Northwestern joins force with 18 other universities in amicus brief, urges Supreme Court to protect DACA


Daily file photo by Colin Boyle

Northwestern joined 18 other prominent U.S. colleges and universities in an amicus brief urging the U.S. Supreme Court to protect DACA, a Tuesday University release announced.

Amy Li, Campus Editor

Northwestern University joined an amicus brief with 18 other prominent colleges and universities in defense of the Deferred Action for Childhood Arrivals program — a program President Donald Trump has attempted to rescind and called “illegal.”

The brief was filed in the height of the presidential campaign season and amid anticipation over the U.S. Supreme Court’s new term beginning this week. The Supreme Court will take up a number of high profile issues, including deciding on the future of the Obama-era DACA.

[Read the brief here.]

The program has protected around 700,000 undocumented children of illegal immigrants who were minors when they were brought into the country — often called “Dreamers” — from near-term deportation. DACA allows children who were under 16 when their parents brought them to the U.S. to remain in the county — as long as they arrived by 2007.

The amici includes Yale, Brown, Columbia, Cornell, Dartmouth, and Duke, among other distinguished U.S. colleges and universities.

The brief argues that rescinding the DACA program would impose a direct harm on the universities’ current students and alumni and deprive the country of the benefits of DACA students’ considerable talents and contributions.

“The DACA students at amici institutions were selected because they are outstanding students,” the brief states. “Like their classmates, these young people were valedictorians, student government leaders, varsity athletes, inventors, academic award winners, accomplished artists, and role models for younger children in their own communities.”
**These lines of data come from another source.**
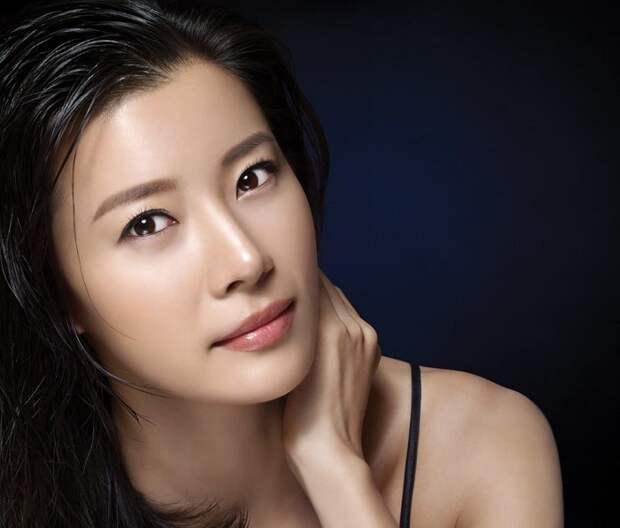 Азиатки наносят минимум макияжа. / ФОто: womans.ws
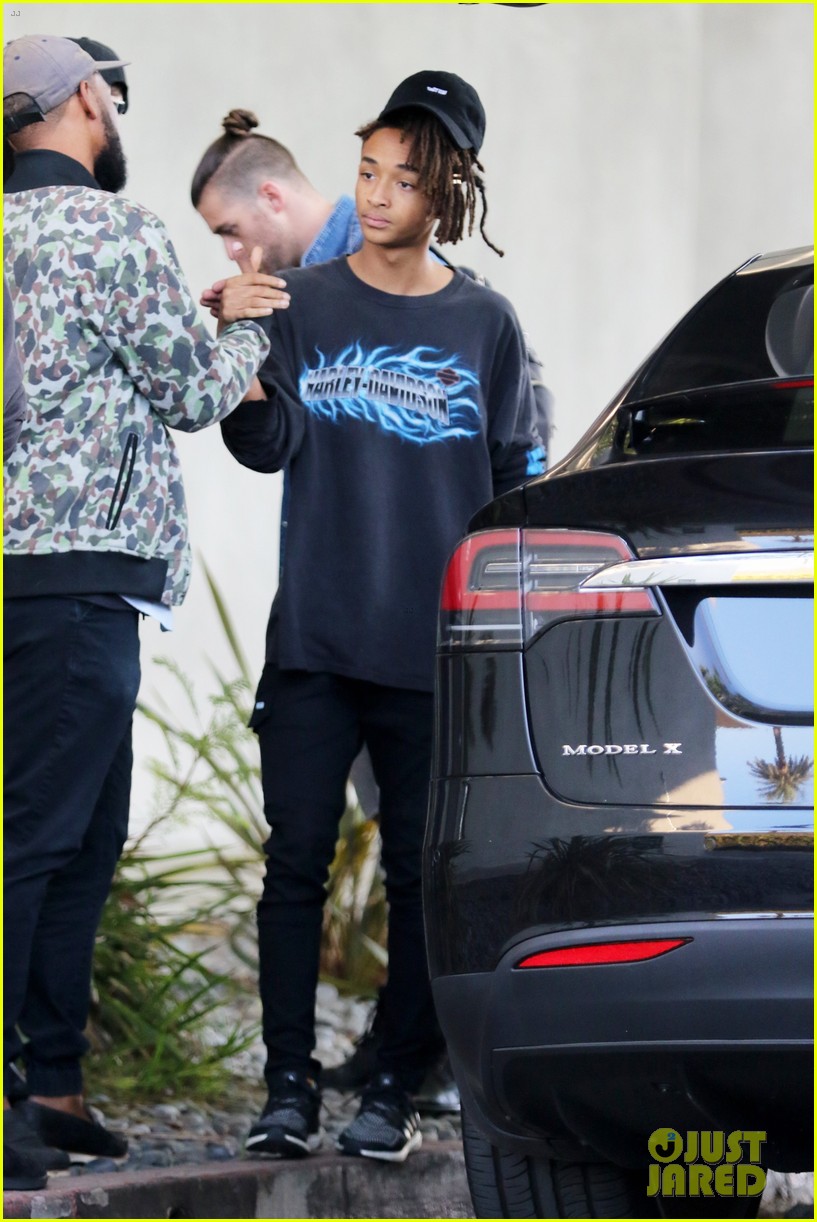 jaden and willow hang out in weho00907mytext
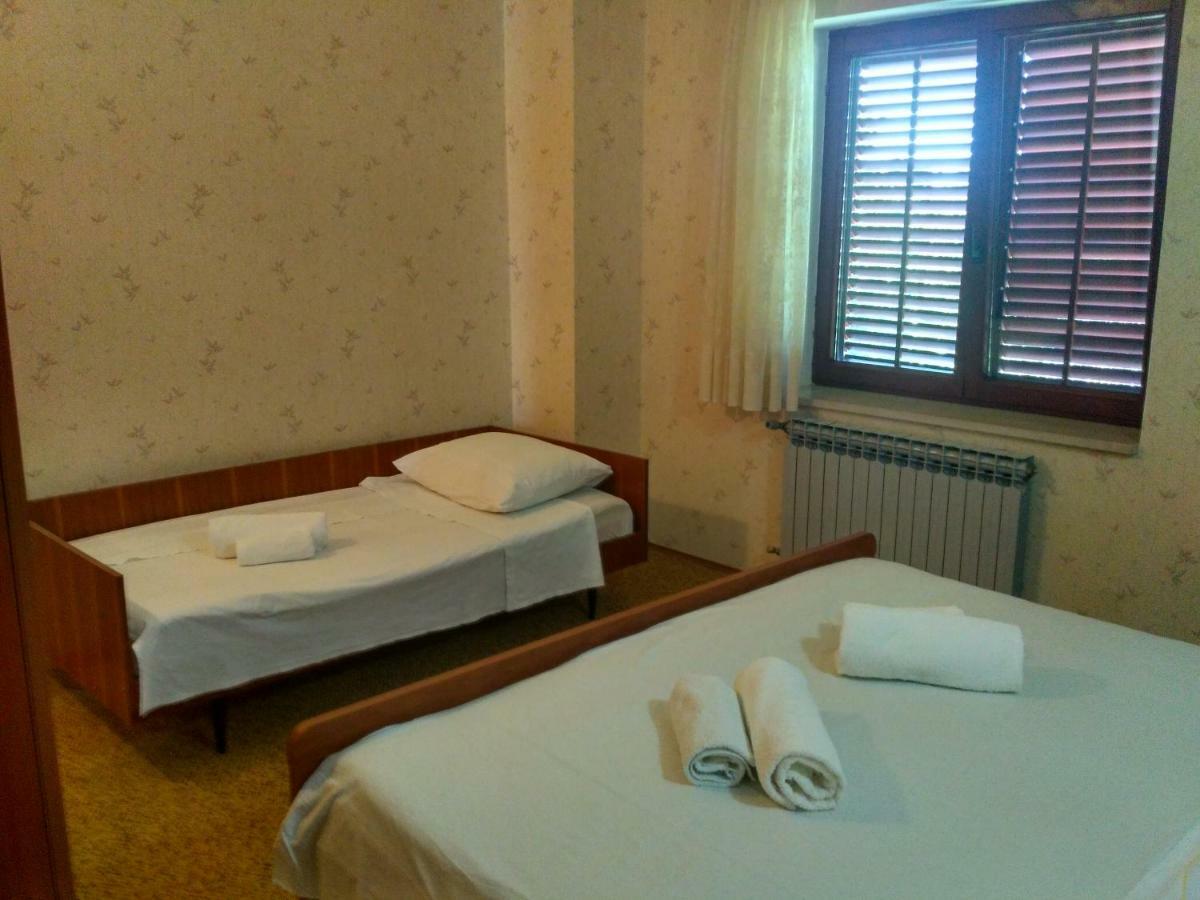 Apartmani Tonica Sukosan Bagian luar foto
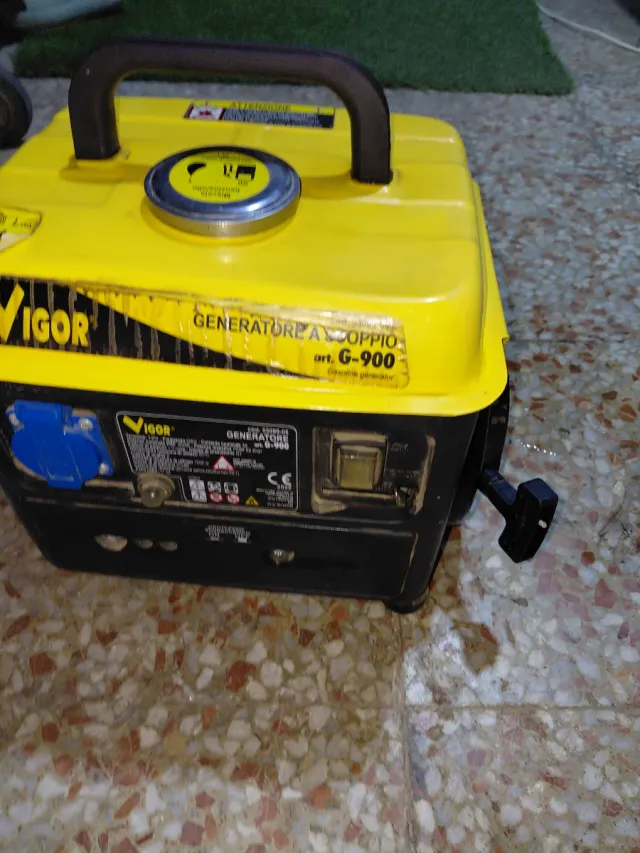 Generador Eléctrico Amarillo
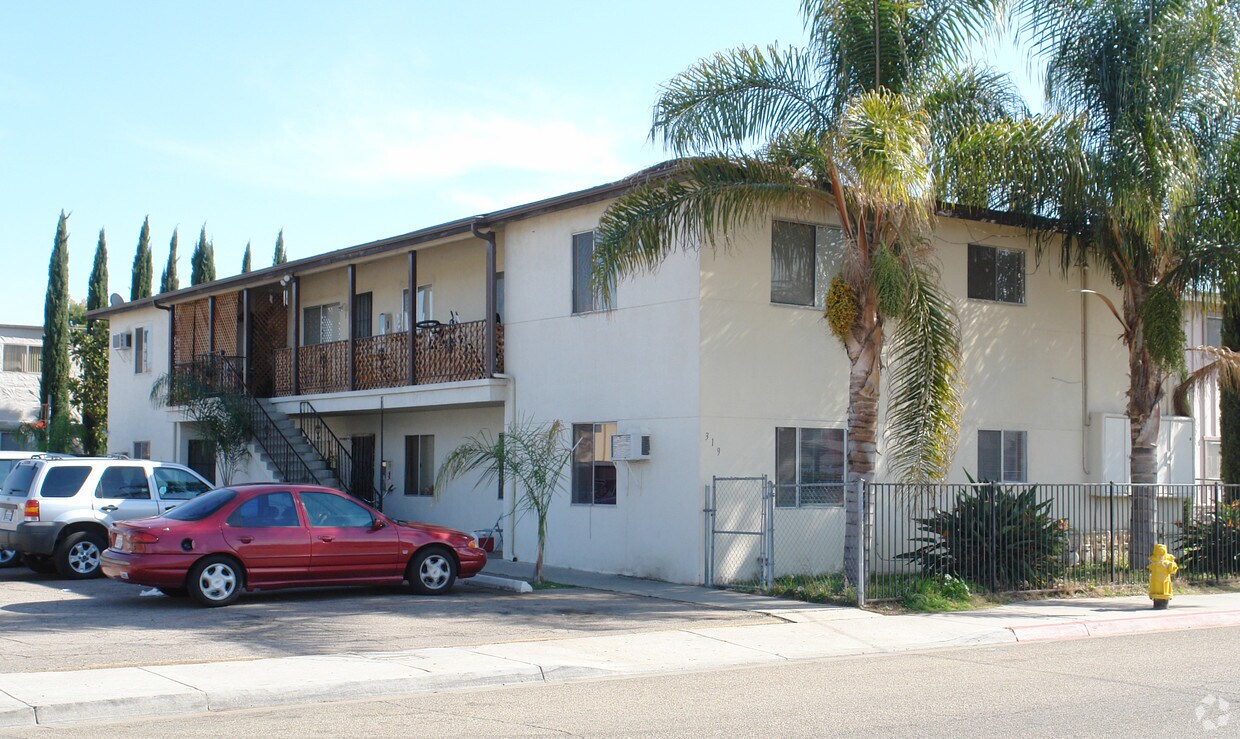 Primary Photo - 319 Chambers St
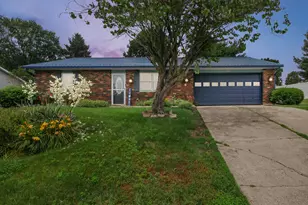 566 Deanna Stroll Rd, Heath, OH 43056 - Photo 1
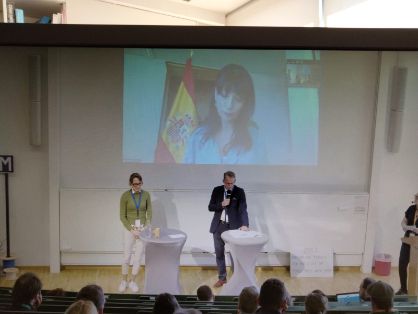 Hoy, en la clausura de una conferencia sobre el Pacto Rural Europeo 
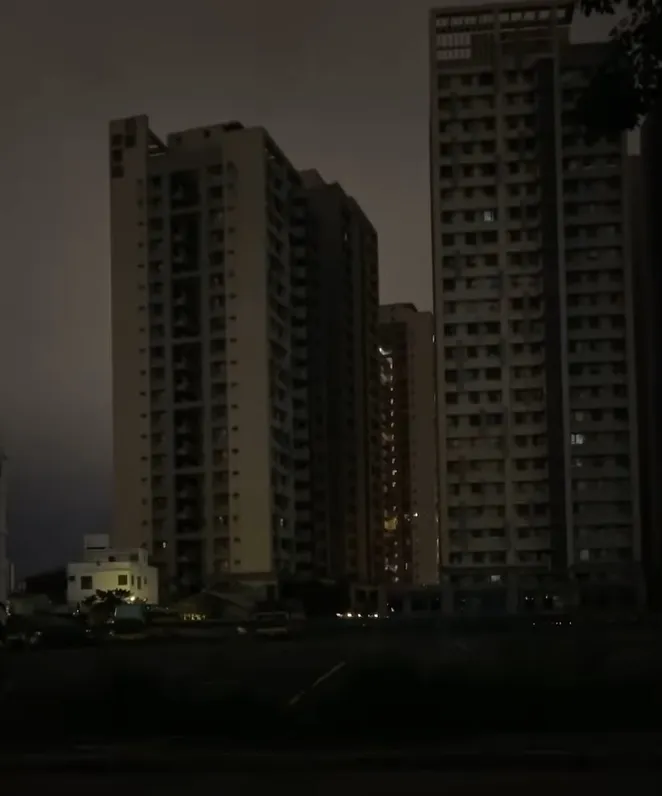 板橋區部分區域突然電力中斷，浮洲合宜住宅大樓陷入一片漆黑。翻攝自我是板橋人臉書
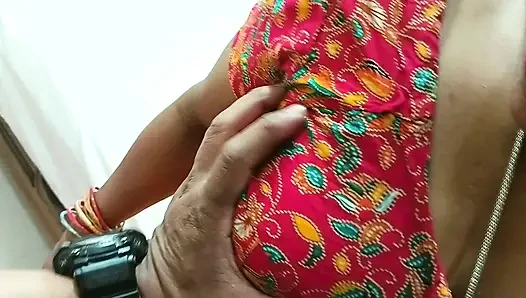 Beautiful Indian Bhabhi Hardcore Sex with Brother in Law at Home in Sexy Saree
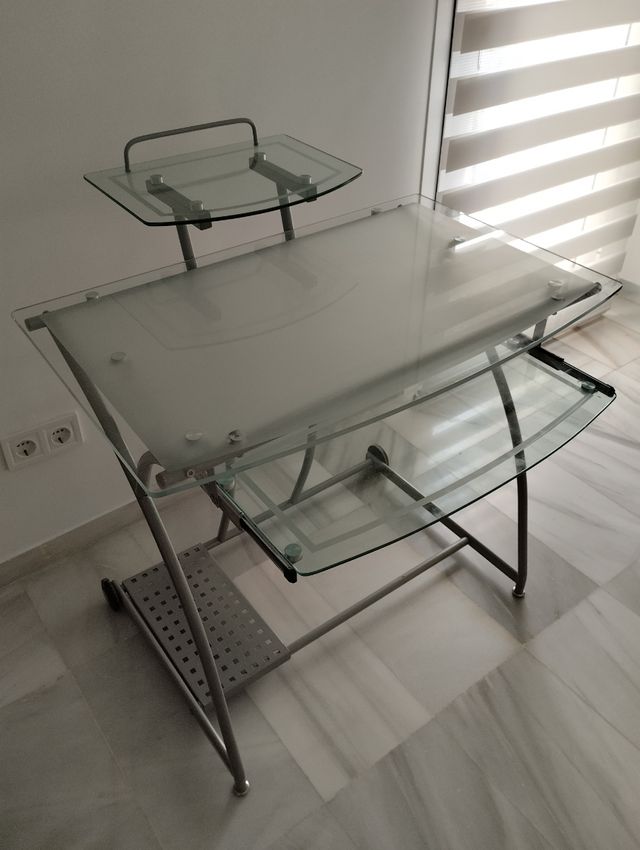Mesa para ordenador.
President Donald Trump first ordered the termination DACA when he took office two years ago, but attempts to shut it down were blocked in lower federal courts.

DACA proponents argue the Trump administration failed to cite adequate reasons for the program’s termination, while the Justice Department has said DACA was always meant to be a temporary solution.

The brief also wrote that DACA empowers undocumented students to talk openly about their lived experiences, without which students would be silenced out of fear of retribution, thwarting higher education goals in facilitating meaningful and robust exchanges of ideas.

“The policy reversal places (DACA) students, many of whom these threats to DACA have silenced, in a position wholly at odds with the principles of academic freedom to which amici are fervently committed,” the brief wrote. “These students should not have to risk their own physical liberty — and that of their families — in order to tell their stories.”

Another 165 colleges and universities — among them Swarthmore, the University of Maryland, University of Michigan — also joined forces to file a separate amicus brief urging the Supreme Court to protect DACA.